Melanie McDonagh Melanie McDonagh

The complex parentage of Elton John’s baby

The birth of Zachary Jackson Levon Furnish John gave that of Christ a run for its money in the broadcast news over Christmas. In Ireland, where I was, the newsreader declared that the singer Elton John and his partner, David Furnish, had had their first child. Hang on, I thought. Not so. Some woman, and possibly two – bear with me – has had a baby with one of them. And as it turned out, the birth mother was a client of the Center for Surrogate Parenting based in Encino, California, which has been providing surrogacy arrangements for gay would-be parents since 1989.

Elton John and David Furnish will, I’d have thought, make affectionate, not to say, doting, parents. Granted, Elton, 63, is getting on a bit, but were a woman of David Furnish’s age, 48, to have a baby by a man of Elton’s age, we probably wouldn’t get worked up about it. There are other aspects of the arrangement, though, that seem a bit problematic, though they’re probably unavoidable when two blokes set about having a baby.

Little Zachary – Zach? – was, it turns out, conceived from an egg donated by one woman and was carried to birth by another. This separation of genetic parenthood from birth parenthood is standard practice in surrogacy and was explored in a book on assisted pregnancy, Everything Conceivable, by the impeccably liberal US journalist, Liza Mundy.

Basically, these two aspects of motherhood, the genetic and and the gestational – which at least for now are the preserve of women – call for rather different attributes. What you want from the genetic mother is, not to put too fine a point upon it, looks – because, unless you know the donor, you’re not really able to take personality into account. What you want from the carrier is a willingness to put your healthy womb at someone else’s disposal and then pass on the baby you bear at the end of it. The carrier won’t – and it’s hard to put this nicely – necessarily be a looker. Her fee at Zachary’s clinic is usually in the region of $19,000. Which is, I suppose, more than a surrogate gets in India.

Once upon a time those two functions of motherhood, the gestational and the genetic, were inseparable. It’s only in the last three decades that they have become separate. On the initial birth certificate for little Zachary, however, it seems Elton John is called the child’s father, David Furnish the mother, though in a later draft this will probably be amended to Parent 1 and Parent 2.

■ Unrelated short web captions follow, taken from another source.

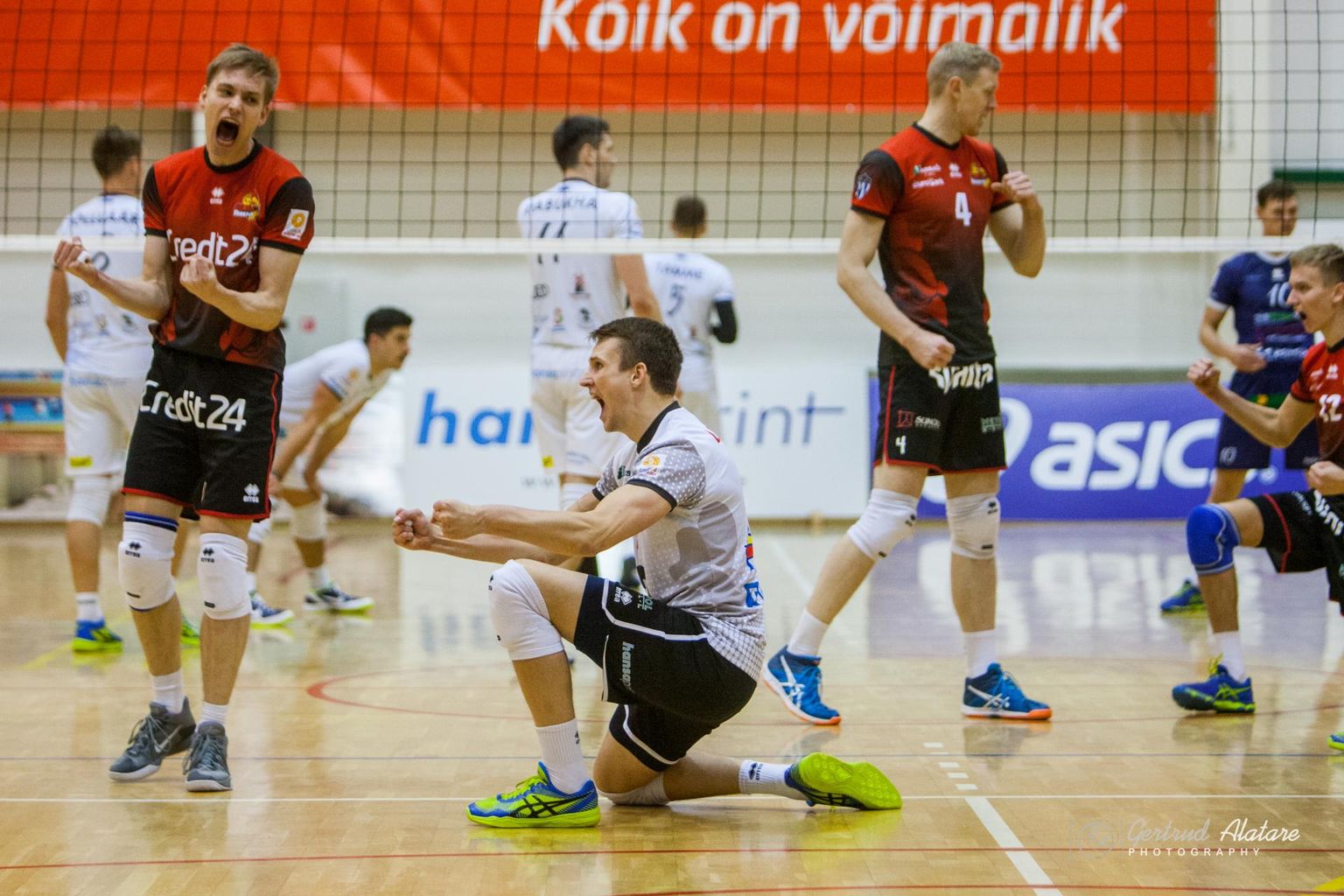 Eelmisel hooajal Eesti meistriliigas Selver Tallinna meeskonna kapteni rollis olnud Denis Losnikov tõmbab sellest hooajast selga Viljandi Võrkpalliklubi särgi.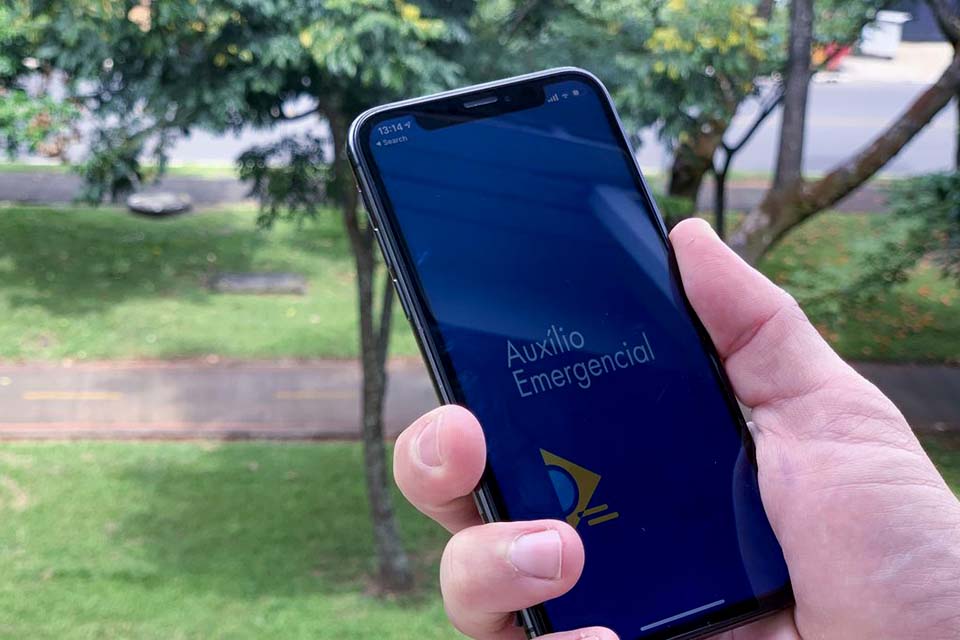 Caixa Econômica  paga auxílio emergencial a nascidos em maio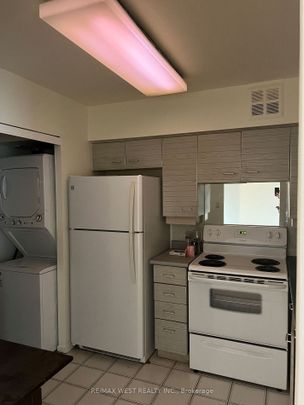 For Lease - 30 Greenfield Avenue Unit# 1412, Toronto, Ontario - Photo 1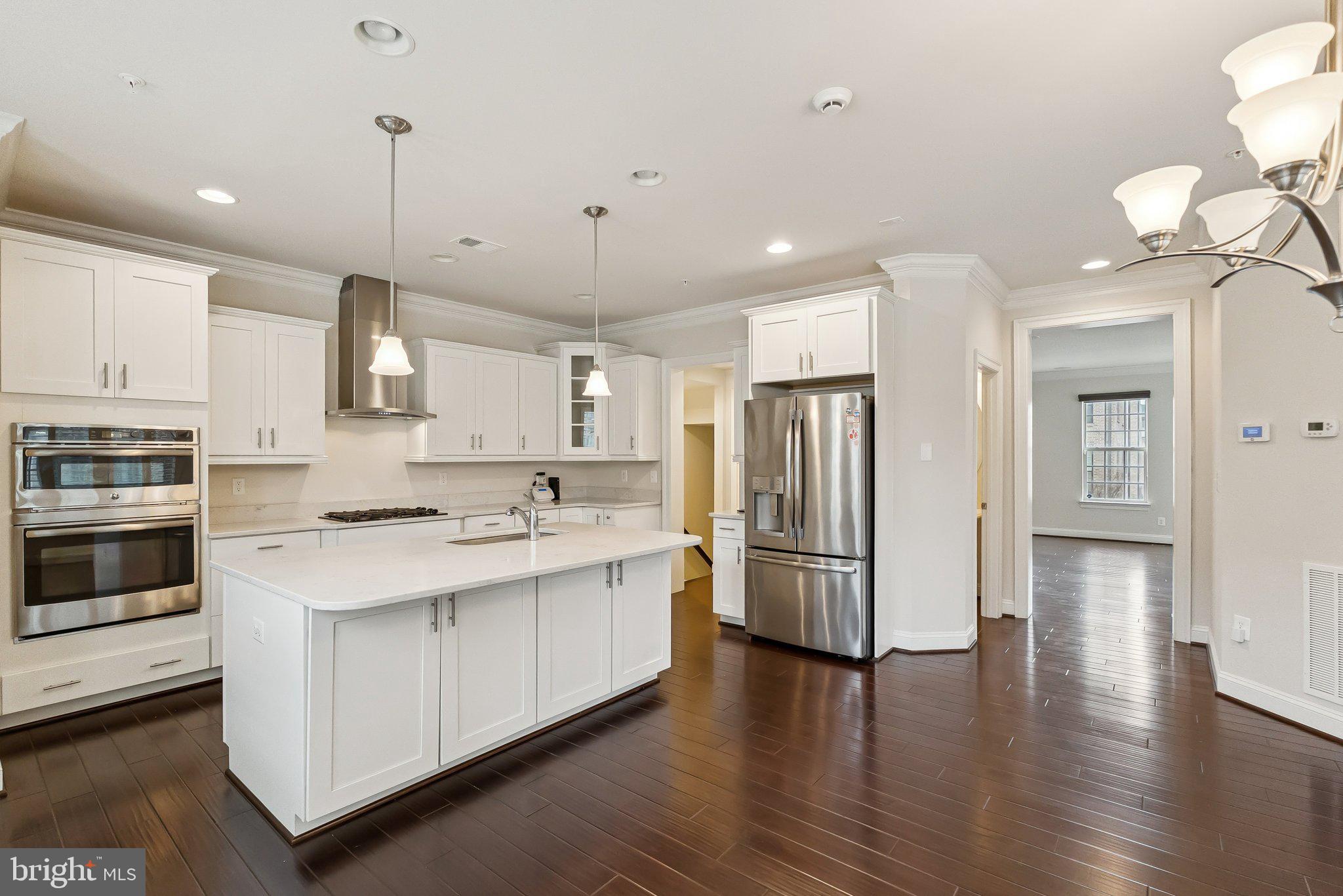 POTOMAC OVERLOOK CONDO - Residential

As for Britain, as a result of the passing of the Human Fertilisation and Embryology Act last April, a UK birth certificate is now rather a liberal construct. The birth mother will initially be registered as the child’s mother and her husband, if any, as its father but in surrogacy cases, this is rendered null by the issue of something called a Parental Order which replaces the original certificate with one that registers the parents-of-choice, who may be two men or two women. It’s a final departure from the notion that the certificate has anything to do with biological realities rather than social aspirations. Granted, in the old days it was not invariably the case that the father, if any, on the birth certificate – the mother’s husband, usually – was the baby’s real father. But this convention was not a social construct in the same sense as the new same-sex birth certificates are.

What we’re talking about in all this is something quite profound: namely, a child’s ability to know where it comes from, to have a sense of its identity from a father and a mother. Islamic moral teaching has a name for it – a child’s right to lineage. When a child like Zachary has got two mothers – both anonymous – and two fathers, one biological, one not, that sense of self is compromised.